Are you on The Grid?
Many people are familiar with the idea of grid computing, a methodology for making a collection of computer systems act as one. In my opinion, grid computing is in the same state of affairs that computer networking was in before the Internet took off. Before the Internet, many people knew that computer networking was going to be big but many people and companies were taking very different approaches and using very different technologies. The big change occurred when people started agreeing on a standard set of services to use for acessing the Internet. Services like DNS, http, and TCP/IP are now the standard.
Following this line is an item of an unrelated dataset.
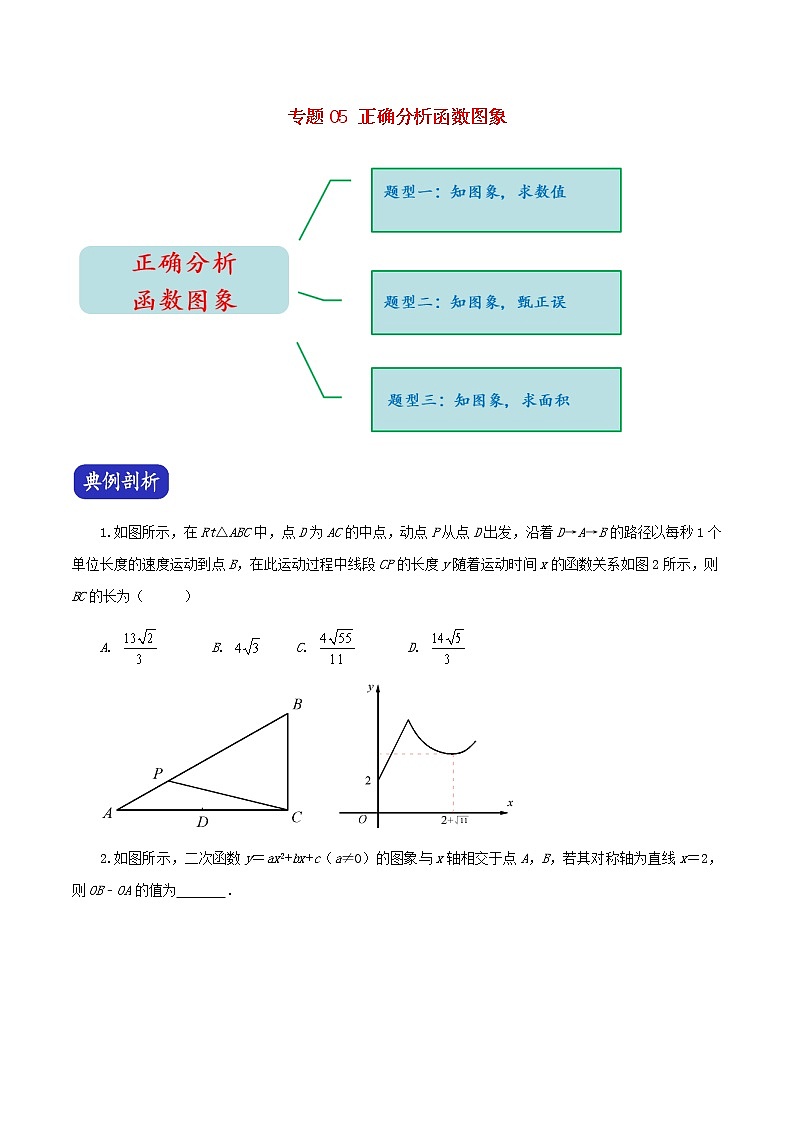 压轴专题05正确分析函数图象27题第1页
The Internet also took off with a special killer app which came out of the National Center for Supercomputing Applications, namely the web browser and web server. (I worked at NCSA while I was in studying computer science at UIUC.)

I provide this as an analogy because grid computing today is in a similar state. Many companies are using different technologies and ideas to make grid computing real. The group I work for, N1 Grid Service Provisioning is one such technology. This product allows you to define applications and provision them across a datacenter. However, there is also an academic group called Globus which has been working for quite some time on defining and implementing the standard set of services that may create what we will one day call The Grid. Globus defines a standard set of services for defining Grid Services. Globus is way ahead of the industry in terms of thinking about how resource and application sharing could operate in the future.

The question in my mind is, what will be the killer app that makes everyone need to be running grid services? Will grid computing ever mean anything to the average consumer like the Internet does?